# where is this leading us to?



## olivia7125 (May 20, 2014)

My husband and i have been together for 7.5 years; dated for 5, married for 2.5. I understand that after marriage and/or having a child(ren), things necessarily don't stay the same in a relationship. But it is getting to the point where we are arguing over petty ass ****, we haven't had sex for 2 months (and i'm not sad about that at all), and i have already told him that I don't find him attractive anymore. 

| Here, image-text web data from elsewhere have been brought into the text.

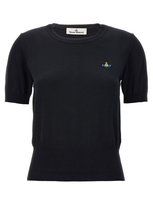 Vivienne Westwood Bea Black Cotton And Cashmere-blend Top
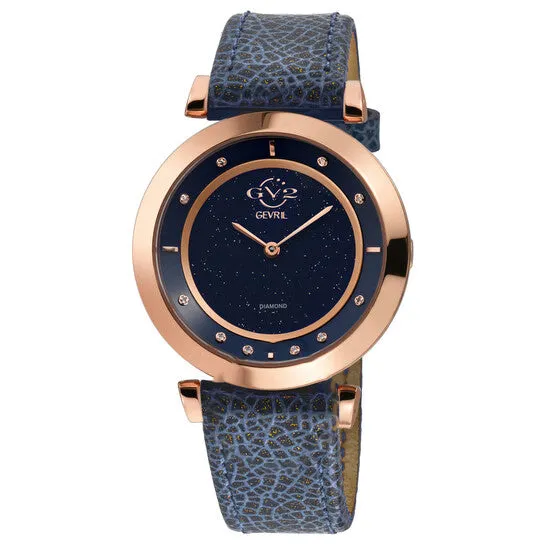 JMS always Watches Original GV2 by Gevril Lombardy Quartz Diamond Blue Dial Ladies Watch 14403 JMS always Watches Original GV2 by Gevril Lombardy Quartz Diamond Blue Dial Ladies Watch 14403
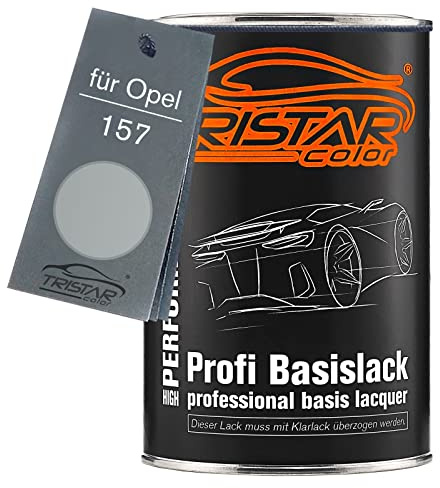 TRISTARcolor Autolack Dose spritzfertig für Opel 157 Starsilber III Metallic/Star Silver III Metallic Basislack 1,0 Liter 1000ml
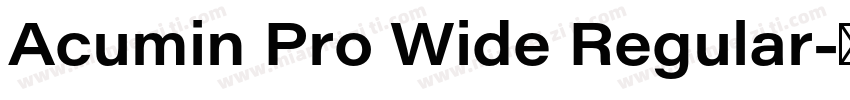 Acumin Pro Wide Regular字体转换
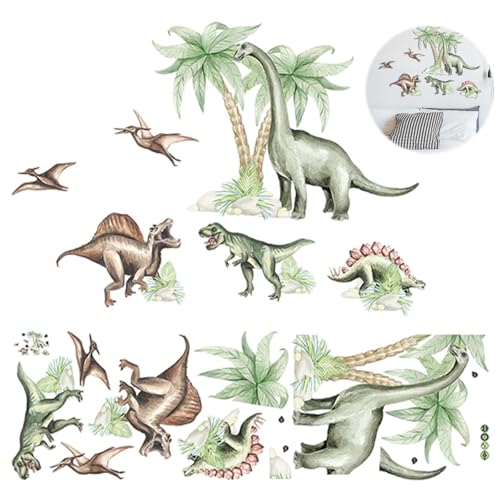 Dinosaurier Wandsticker, Dinosaurier Groß Wandaufkleber, Selbstklebend Dinosaurier Wandtattoo, Dinosaurier Set Wandsticker, Wandaufkleber für Babyzimmer, Dino Palmen Wanddeko Sticker Dinosaurier Wandsticker, Dinosaurier Groß Wandaufkleber, Selbstklebend Dinosaurier Wandtattoo, Dinosaurier Set Wandsticker, Wandaufkleber für Babyzimmer, Dino Palmen Wanddeko Sticker von JeiibrZui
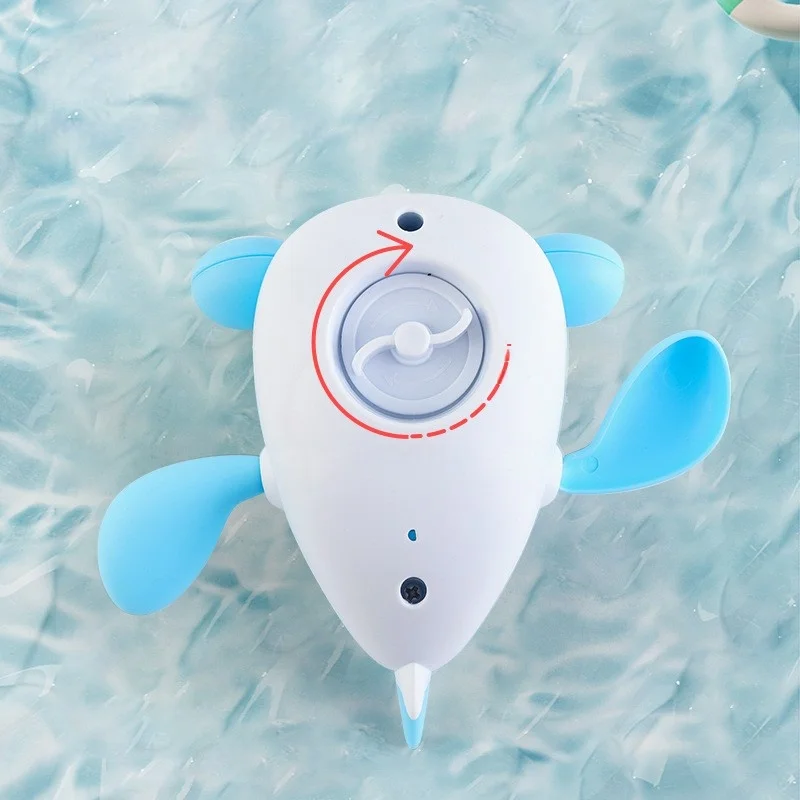 Bath Toys Animal Series Shark Swimming Crocodile Baby Playing Water Little Duck Little Turtle Spring 6cm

I married him because we had such a connection, he was such a great partner, and we had amazing sex. But all that is lost and gone out the window. We have tried to do "date nights" but even with that, i'm not pleased -- I find myself bored and wanting to go home...I am constantly looking at my watch to see how much longer I have to endure.
I don't know what else to do. I feel like moving away with my daughter and just starting over.


----------



## CanadianGuy (Jun 17, 2012)

What would you say are the top issues you feel you're facing?


----------



## EleGirl (Dec 3, 2011)

olivia7125 said:


> My husband and i have been together for 7.5 years; dated for 5, married for 2.5. I understand that after marriage and/or having a child(ren), things necessarily don't stay the same in a relationship. But it is getting to the point where we are arguing over petty ass ****, we haven't had sex for 2 months (and i'm not sad about that at all), and i have already told him that I don't find him attractive anymore.
> 
> I married him because we had such a connection, he was such a great partner, and we had amazing sex. But all that is lost and gone out the window. We have tried to do "date nights" but even with that, i'm not pleased -- I find myself bored and wanting to go home...I am constantly looking at my watch to see how much longer I have to endure.
> I don't know what else to do. I feel like moving away with my daughter and just starting over.


To answer your questions, get the books "His Needs, Her Needs" and "Love Busters".

It's too long to type here. If you read those then people here can give you support in getting your marriage back on track.


----------